Amma ıtlak ve ihata ve nihayetsizliğin vahdete şehadetleri ise o dahi Siracünnur Risalelerinde tafsilen zikredilmiş. Bir muhtasar meali şudur:

Madem kâinattaki ef’alin her biri, kendi eserinin etrafa istilakârane yayılması ile her bir fiilin ihatasını ve ıtlakını ve hadsiz bulunduğunu ve kayıtsızlığını gösterir. Ve madem iştirak ve şirk ise o ihatayı inhisar altına ve o ıtlakı kayıt altına ve o hadsizliği had altına alıp ıtlakın hakikatini ve ihatanın mahiyetini bozuyor. Elbette mutlak ve muhit olan o ef’alde iştirak muhaldir, imkânı yoktur.

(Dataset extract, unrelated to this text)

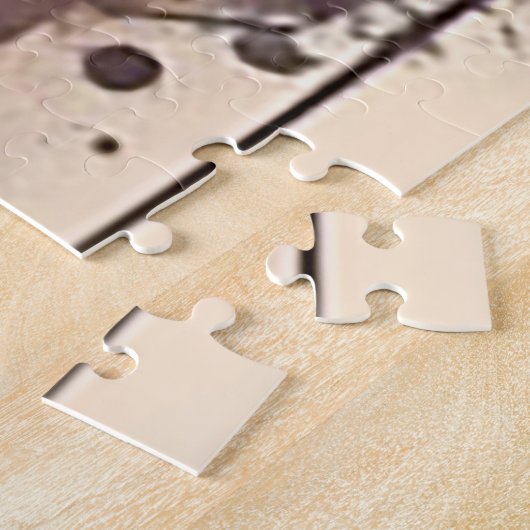 Watergekleurde wolf legpuzzel (Zijkant)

Evet ıtlakın mahiyeti, iştirake zıttır. Çünkü ıtlakın manası, hattâ mütenahî ve maddî ve mahdud bir şeyde dahi olsa, yine istilakârane ve istiklaldarane etrafa, her yere yayılır, intişar eder. Mesela, hava ve ziya ve nur ve hararet, hattâ su, ıtlaka mazhar olsalar, her tarafa yayılırlar. Madem ıtlak ciheti, cüz’îde dahi olsa, maddîleri mahdudları böyle müstevli yapıyor. Elbette küllî bir ıtlak-ı hakiki, böyle hem nihayetsiz, hem maddeden münezzeh, hem hudutsuz, hem kusurdan müberra olan sıfatlara öyle bir istila ve ihata verir ki şirk ve iştirakin hiçbir cihet-i imkânı ve ihtimali olamaz.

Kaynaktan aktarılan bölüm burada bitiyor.